1/2 cup semi-sweet Baking Chocolate — Finely chopped/shaved

1/2 cup Almonds (or Pecans. or Walnuts) — Chopped

Powdered Sugar

Instructions / Assembly:

Preheat oven to 350 degrees F.  Butter and dust a 9 inch springform pan with flour.

Take out 3 large Eggs from the refrigerator and set aside till room temperature.  Measure out the Flour, Baking Powder, and Salt — Set aside.

Melt Butter in microwave — Or if desired, brown the Butter in a small saucepan.  Watch carefully and stir to prevent burning.  When just a hint of golden, turn off heat — Set aside.
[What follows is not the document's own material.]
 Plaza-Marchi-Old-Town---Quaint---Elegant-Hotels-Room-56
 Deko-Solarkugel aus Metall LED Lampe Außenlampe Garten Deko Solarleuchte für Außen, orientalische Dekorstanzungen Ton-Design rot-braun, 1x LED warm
Peel and dice the Pears — Cover with plastic and set aside.

In a medium/large mixing bowl, beat the Eggs with a mixer until it triples in size (about 5-6 minutes).  Add the Almond Extract, then gradually add the Sugar while still mixing.  With a spatula, mix/fold in HALF the Flour Mixture, alternately with HALF the melted Butter.  Repeat with remaining Flour Mixture and Butter — Again, mix/fold with spatula till fully incorporated.

Pour the batter into the cake pan; then evenly sprinkle the Pears, Almonds, and chopped Chocolate on top.  Bake for about 30-35 minutes or till a toothpick comes out clean.  Let it cool for a bit, then remove from ‘ring’ of pan; dust with Powdered Sugar.